İnsanların seni—bilerek ya da bilmeyerek—potansiyelini kullanmayasın diye baltalayabileceğini de gördüm. Kimisi sevdiği için tutuyor kolundan, kimisi korktuğu için; fark etmez. Bu yüzden insanların fikirlerini gereğinden fazla önemsemenin büyük bir felaket planına dönüşebileceğini. Sınır, hayatta kalma organıdır. İyi niyetin, sınırla kardeştir; ikisi birlikte yürüyünce şefkat acziyet olmuyor.

Dünyaya başkalarının çizdiği şablonlara uymak için gelmediğimizi de söyledi bana hayat. “Saatlerce çalış, faturalarını öde, sana öğretilen doğruları yaşa” döngüsünün tek ihtimal olmadığını. Ekmek derdi var, eyvallah; ama ekmek uğruna ruhunu aç bırakan düzenlemeler, sonunda hem ekmeği hem ruhu küflendiriyor.
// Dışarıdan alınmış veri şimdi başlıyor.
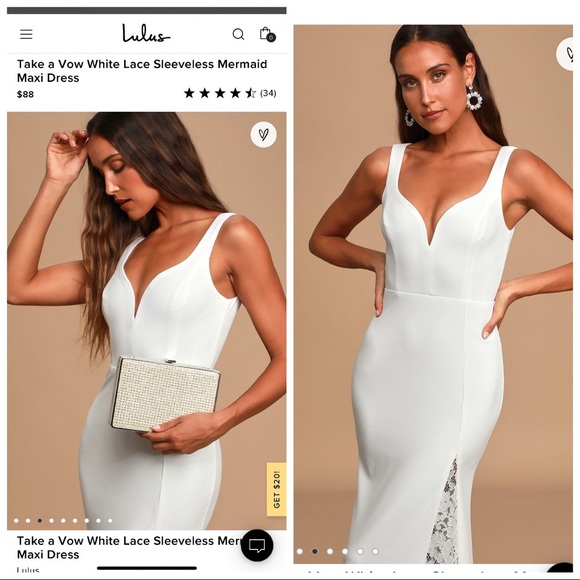 NWT. Lulu’s take a vow lace mermaid maxi dress - Picture 2 of 12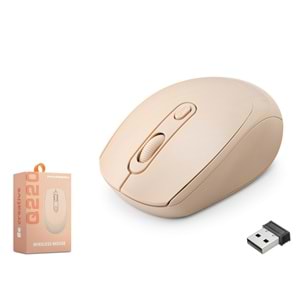 HADRON Q220K Kablosuz Mouse 1600 DPI 25li Paket Siyah Beyaz Mavi Pembe Turuncu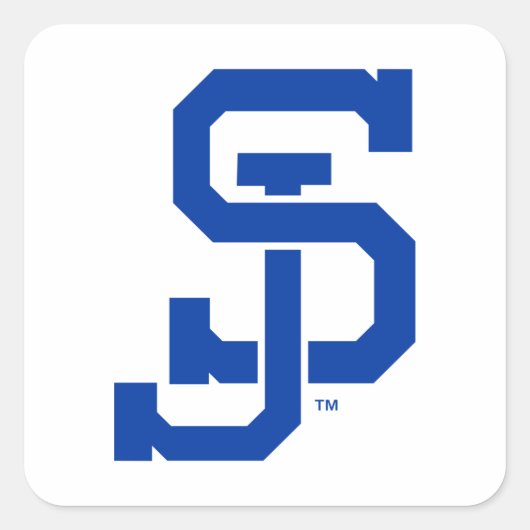 SJスパルタンロゴ スクエアシール (正面)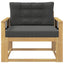 Udendørs Mellem Sofa Polyester Hvid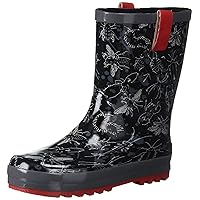 Northside Bay Rain Boot, Black/Gray, 5 M US Toddler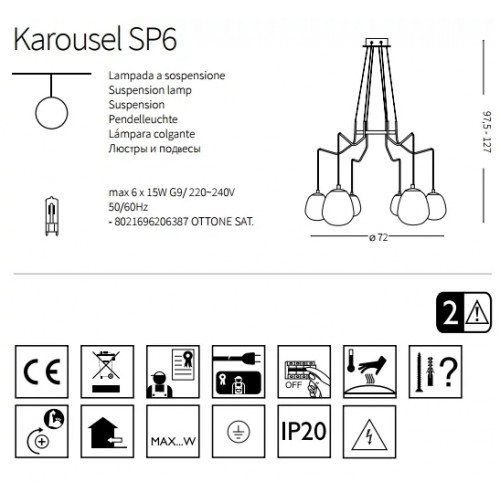 Люстра Ideal Lux KAROUSEL 206387
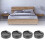 Black Furniture Legs Risers 8 Pack 4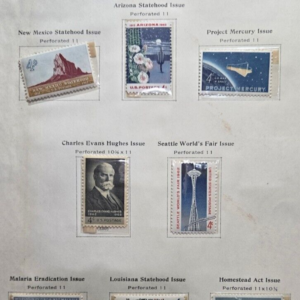 Scott #1191-1198 1962 MNH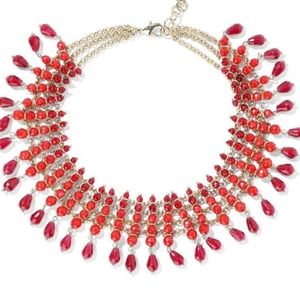 Rosantica Luxe Curry Goldtone Bead and Crystal Bracelet Rare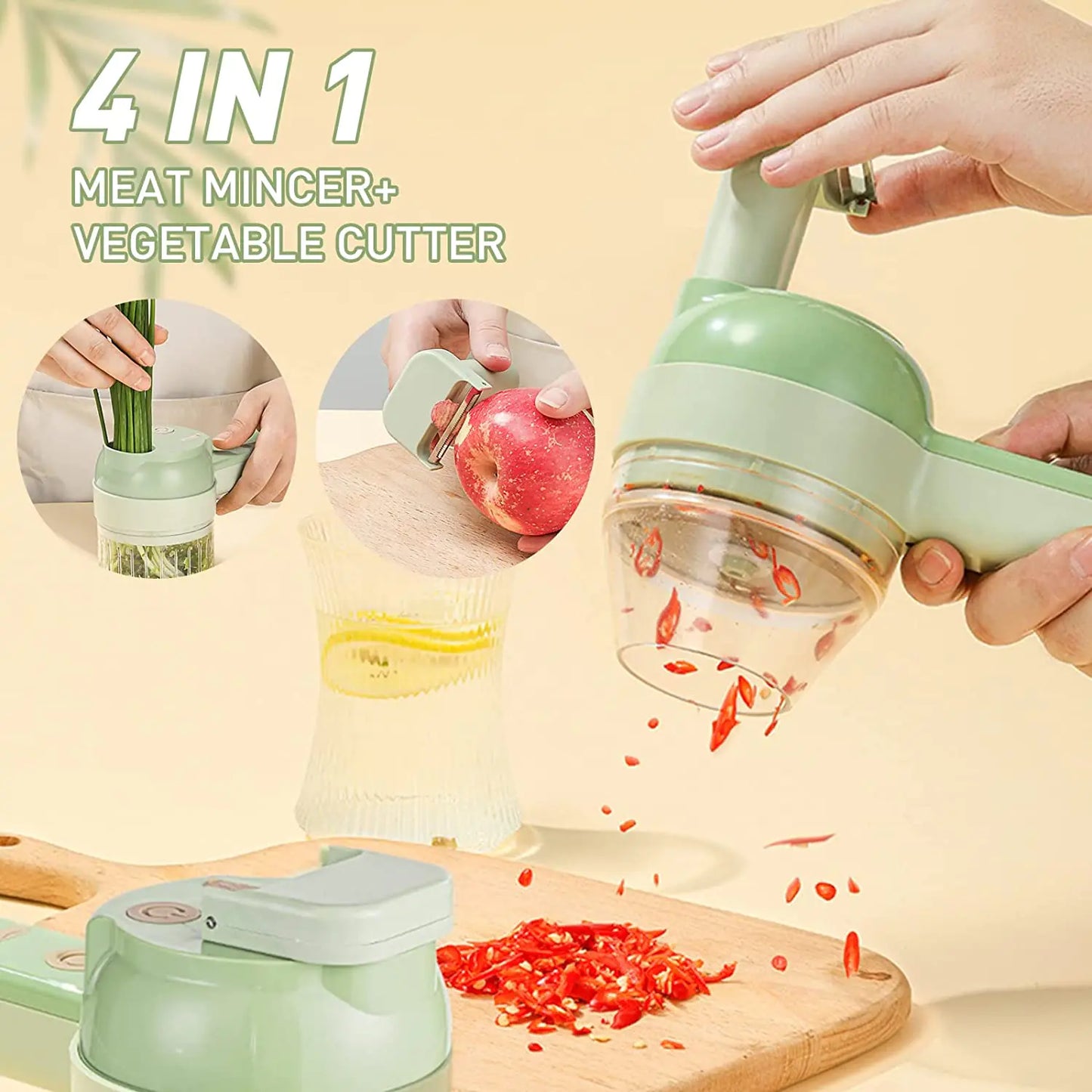 ELECTRIC VEGETABLE CUTTER SET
Kendini kınamanın, başkasını kınamaktan daha kıymetli bir eylem olduğunu öğretti. Başkasını kınamak, haklılık hormonunu anlık yükseltir; kendini kınamak, uzun vadeli onarım başlatır. Kibrimin ne kadar kurnaz kılıflar bulduğunu; projeksiyon yaptığımı—yani içimde taşıdığım gölgeleri başkasının üzerine yansıtarak kendimi akladığımı. “Kendini temize çekmek için başkasını karartma,” dedi. “Karanlık, gölgeye değil, ışığa çalış.”

Üretmenin, aslında kendini gerçekleştirmek olduğunu da orada anladım. Yıllarca bize “üretim”i rakamlara, grafiklere, çokluklara bağladılar. Oysa üretmek, içindeki ham malzemeye şekil vermek: bir cümle, bir düşünce, bir emek, bir iyilik. Adı olmayan bir şeyi dünyaya getirmek. Kendi emeğini eline aldığında, “ben buradaydım” demenin en temiz yolu bu.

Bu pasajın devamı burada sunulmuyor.